I’ve decided I don’t want to have to rely on other people all the time, and I really don’t need to. It’s the little things I can do that make me feel good. For instance, the other day my vision teacher went with me to my bank, and I filled out my own deposit slip. I used the ATM without help. I used to worry about little things like that, and now I’m wondering why. I think I’ll be able to manage most things life is going to throw at me. My teacher says it’s a sign of maturity. She has also complimented me for being her first visually impaired student to go to college.
I may be sounding self-important, but I just want kids who are visually impaired to know they’ll be all right if they can take advantage of the opportunities. I take advantage of my Braille classes now. I take advantage of the time my teacher wants to spend showing me how to walk with my cane, I take advantage of audio book services.
There is so much help out there, a person with visual impairment would be crazy to not try to learn something that will help them be more independent and more safe. And whoever cares for and teaches kids like me should be ashamed of themselves if they don’t take the trouble to find out what’s out there. Sure, it bothers me that I can’t see very well, but I know I’m going to be all right, because I have people who care.
Chapter 7: Driving
Every teenager looks forward to getting a driver’s license. It’s a sign of freedom and independence with added responsibility.
I have known since I was eleven I would not be allowed to drive. It didn’t bother me too much then, and I really didn’t think about it. The days before I turned sixteen, though, were a different story. I was angry and sad at the same time. I cried and asked why this horrible condition had to be part of me. When I turned sixteen, not being able to drive hit me hard, even though Mom always told me I can’t throw a pity party that lasts more than one day.

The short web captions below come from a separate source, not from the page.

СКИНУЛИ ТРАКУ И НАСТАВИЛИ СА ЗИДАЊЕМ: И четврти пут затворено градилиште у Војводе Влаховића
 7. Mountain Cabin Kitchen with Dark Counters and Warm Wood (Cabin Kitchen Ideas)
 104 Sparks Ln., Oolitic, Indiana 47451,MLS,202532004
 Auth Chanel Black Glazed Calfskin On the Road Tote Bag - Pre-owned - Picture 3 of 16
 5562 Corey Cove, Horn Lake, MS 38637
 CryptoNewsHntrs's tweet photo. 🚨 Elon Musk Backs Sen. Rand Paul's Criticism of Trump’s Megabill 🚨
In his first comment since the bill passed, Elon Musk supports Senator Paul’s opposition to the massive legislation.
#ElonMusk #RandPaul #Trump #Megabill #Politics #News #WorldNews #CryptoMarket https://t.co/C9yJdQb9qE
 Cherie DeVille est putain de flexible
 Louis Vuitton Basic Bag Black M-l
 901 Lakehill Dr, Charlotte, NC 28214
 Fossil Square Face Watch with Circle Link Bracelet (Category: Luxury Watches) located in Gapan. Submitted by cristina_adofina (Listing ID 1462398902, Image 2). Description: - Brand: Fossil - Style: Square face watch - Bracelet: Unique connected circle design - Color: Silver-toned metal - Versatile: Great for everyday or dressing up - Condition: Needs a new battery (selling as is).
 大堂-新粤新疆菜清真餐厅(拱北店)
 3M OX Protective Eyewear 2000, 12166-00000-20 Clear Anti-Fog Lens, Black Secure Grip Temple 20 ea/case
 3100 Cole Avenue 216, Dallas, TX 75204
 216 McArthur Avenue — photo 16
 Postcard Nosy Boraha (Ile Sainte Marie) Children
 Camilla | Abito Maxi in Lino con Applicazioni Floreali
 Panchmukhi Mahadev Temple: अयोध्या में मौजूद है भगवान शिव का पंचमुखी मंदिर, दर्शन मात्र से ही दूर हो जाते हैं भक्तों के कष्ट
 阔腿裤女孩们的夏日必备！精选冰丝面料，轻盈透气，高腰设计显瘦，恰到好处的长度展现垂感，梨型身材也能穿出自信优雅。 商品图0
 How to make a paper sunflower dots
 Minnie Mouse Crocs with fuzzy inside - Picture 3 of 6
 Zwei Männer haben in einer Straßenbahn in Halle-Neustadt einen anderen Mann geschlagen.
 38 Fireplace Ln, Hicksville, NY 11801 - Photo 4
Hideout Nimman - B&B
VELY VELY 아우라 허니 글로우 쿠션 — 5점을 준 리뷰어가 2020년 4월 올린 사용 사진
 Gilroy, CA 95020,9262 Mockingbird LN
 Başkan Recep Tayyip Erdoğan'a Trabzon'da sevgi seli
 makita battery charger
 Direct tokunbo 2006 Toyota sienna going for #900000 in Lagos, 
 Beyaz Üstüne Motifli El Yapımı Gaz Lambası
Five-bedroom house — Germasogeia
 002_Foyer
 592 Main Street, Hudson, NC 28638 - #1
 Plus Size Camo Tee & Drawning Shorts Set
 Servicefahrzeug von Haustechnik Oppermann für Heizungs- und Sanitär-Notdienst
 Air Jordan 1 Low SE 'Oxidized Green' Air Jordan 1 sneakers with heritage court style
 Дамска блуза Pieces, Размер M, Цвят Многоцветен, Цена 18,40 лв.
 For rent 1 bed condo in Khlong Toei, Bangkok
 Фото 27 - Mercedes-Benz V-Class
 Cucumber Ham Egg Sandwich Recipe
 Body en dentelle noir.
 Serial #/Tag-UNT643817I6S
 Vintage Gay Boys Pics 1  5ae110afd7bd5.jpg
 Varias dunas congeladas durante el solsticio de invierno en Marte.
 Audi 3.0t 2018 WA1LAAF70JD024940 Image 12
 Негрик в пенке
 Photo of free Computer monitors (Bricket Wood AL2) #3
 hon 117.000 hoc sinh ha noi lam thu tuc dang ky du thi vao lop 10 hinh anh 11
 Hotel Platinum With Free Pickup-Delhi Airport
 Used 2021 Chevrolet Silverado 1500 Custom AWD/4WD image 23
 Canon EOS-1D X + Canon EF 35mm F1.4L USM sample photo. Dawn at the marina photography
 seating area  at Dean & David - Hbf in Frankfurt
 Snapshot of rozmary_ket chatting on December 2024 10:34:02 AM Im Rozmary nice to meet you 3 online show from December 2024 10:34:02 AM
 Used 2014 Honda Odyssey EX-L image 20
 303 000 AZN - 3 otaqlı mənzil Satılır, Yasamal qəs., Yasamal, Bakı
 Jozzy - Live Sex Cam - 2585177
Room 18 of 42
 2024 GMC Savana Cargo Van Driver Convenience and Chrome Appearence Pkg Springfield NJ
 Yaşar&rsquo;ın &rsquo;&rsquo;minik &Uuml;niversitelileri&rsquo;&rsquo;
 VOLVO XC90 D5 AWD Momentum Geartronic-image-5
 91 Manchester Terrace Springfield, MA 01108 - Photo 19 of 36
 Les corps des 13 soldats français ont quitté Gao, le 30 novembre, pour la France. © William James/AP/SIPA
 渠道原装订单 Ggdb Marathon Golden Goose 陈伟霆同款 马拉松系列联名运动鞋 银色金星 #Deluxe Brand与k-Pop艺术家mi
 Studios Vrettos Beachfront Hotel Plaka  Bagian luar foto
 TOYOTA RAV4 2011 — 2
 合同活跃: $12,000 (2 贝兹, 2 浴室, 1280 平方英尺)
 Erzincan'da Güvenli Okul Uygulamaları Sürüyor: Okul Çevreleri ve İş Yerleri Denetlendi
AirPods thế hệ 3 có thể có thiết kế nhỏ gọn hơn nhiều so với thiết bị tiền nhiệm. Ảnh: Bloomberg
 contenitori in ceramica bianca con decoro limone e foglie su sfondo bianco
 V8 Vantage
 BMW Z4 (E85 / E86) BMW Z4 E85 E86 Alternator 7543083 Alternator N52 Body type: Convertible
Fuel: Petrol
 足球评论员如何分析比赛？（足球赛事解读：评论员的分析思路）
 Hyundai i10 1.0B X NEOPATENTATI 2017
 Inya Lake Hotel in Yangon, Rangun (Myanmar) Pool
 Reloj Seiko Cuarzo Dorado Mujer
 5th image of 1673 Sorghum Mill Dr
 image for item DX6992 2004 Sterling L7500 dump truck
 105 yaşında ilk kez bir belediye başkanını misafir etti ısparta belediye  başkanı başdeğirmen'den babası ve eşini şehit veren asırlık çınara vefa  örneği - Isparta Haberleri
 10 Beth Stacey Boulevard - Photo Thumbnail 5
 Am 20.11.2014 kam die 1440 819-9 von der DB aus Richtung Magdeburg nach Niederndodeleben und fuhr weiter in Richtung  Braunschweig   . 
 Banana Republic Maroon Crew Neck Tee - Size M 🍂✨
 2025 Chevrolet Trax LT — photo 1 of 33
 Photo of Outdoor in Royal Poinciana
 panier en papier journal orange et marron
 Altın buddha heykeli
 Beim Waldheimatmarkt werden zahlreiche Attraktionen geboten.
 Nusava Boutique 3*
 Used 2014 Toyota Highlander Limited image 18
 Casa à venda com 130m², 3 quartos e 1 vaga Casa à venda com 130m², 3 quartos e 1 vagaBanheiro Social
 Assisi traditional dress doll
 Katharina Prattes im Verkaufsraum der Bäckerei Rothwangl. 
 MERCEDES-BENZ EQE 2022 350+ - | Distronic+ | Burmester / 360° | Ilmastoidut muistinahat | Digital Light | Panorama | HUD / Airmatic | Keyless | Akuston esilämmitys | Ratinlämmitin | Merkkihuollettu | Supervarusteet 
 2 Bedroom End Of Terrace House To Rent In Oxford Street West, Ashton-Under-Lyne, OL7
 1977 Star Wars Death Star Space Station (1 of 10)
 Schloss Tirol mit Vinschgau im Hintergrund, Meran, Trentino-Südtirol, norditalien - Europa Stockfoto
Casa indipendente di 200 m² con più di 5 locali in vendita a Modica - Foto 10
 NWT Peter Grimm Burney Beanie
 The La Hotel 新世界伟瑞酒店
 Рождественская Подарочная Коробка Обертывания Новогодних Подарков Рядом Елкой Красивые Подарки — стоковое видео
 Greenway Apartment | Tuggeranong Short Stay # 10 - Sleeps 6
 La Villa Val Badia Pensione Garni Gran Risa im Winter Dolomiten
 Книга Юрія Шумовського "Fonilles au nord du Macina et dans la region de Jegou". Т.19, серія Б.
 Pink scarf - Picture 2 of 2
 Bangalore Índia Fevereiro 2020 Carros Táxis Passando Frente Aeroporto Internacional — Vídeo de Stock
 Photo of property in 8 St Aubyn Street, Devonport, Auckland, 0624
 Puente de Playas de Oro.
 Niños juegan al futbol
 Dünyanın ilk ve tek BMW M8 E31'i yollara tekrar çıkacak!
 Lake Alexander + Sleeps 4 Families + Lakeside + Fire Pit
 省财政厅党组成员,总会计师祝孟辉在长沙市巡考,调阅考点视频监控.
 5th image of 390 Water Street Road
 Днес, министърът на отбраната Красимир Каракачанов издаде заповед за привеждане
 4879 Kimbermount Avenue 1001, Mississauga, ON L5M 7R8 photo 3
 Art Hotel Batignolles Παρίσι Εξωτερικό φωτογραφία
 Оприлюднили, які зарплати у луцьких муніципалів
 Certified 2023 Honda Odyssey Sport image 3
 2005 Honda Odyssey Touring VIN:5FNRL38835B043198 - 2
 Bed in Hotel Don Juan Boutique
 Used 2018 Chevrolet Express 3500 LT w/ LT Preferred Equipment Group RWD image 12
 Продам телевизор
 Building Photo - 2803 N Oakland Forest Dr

My parents bought me a go cart and an ATV a few years back. We live in the country, where they let me drive on old abandoned dirt roads and in the fields. One day, Mom, Dad, and I went ATV riding with my aunt and uncle.
My ATV was not as powerful as my dad’s and uncle’s. Mom saw that I was having difficulty keeping up and trying to see which direction everyone else was heading. She decided to ride with me, which must have boosted my confidence, because I drove faster.
She kept telling me to slow down, but I didn’t listen. She screamed that we were heading for a ditch, but I couldn’t stop, and we went airborne. Our ATV rolled at least three times, and we were both thrown off. My uncle had to flip his machine to avoid us, as we tumbled down the road. My aunt broke her ankle, and Mom and I had “road rash” all over our bodies. It was a hard lesson, but it taught me I had no right to put myself or others in that kind of danger again.
I’ve thought long and hard about how I’ll be able to get from one place to another without a driver’s license. I’ve come up with two solutions: a horse and cart or a moped. My retinal specialist says if I go slow and stay on roads less traveled, I should be fine. I wouldn’t be able to drive in the city, but it would give me a little independence. This is just one of the many ways I’m having to learn to adapt.
Chapter 8: Adapting
It was Mother’s Day, and I wanted to do something special. I woke up in the morning and took off to the upper fields above our pasture. I love to sit there and feel the breeze and the warmth of the sun.
I took some paper and a pen, thinking I would make Mom a card or write her a letter saying how much I love her. I also took my new minocular with me. That’s like a miniature telescope. Mom bought it for me, but I never liked to use it in school, because kids would tease me. We live in bear and bobcat country, though, so I wanted to take it with me in case I heard a noise in the woods.
And I did. I thought it was farther away than it actually was, though. I started scanning with my minocular, but I couldn’t locate the sound. Shrugging it off, I went on trying to be creative.
I heard the noise again, but this time it was closer. Again, I used my minocular, and this time, I saw it. A litter of gorgeous baby fox playing just a few feet from me!
I watched for awhile and then tore off down the path to my house. I wanted to share this with my family. We quickly gathered a picnic lunch, hurried back to the spot, and ended up staying the whole day.
I thanked Mom for buying the minocular, and I apologized for giving her a hard time before about using it. “Who would have thought,” I said, “that on Mother’s Day, my mother would have given me the best gift ever? It’s supposed to be the other way around.”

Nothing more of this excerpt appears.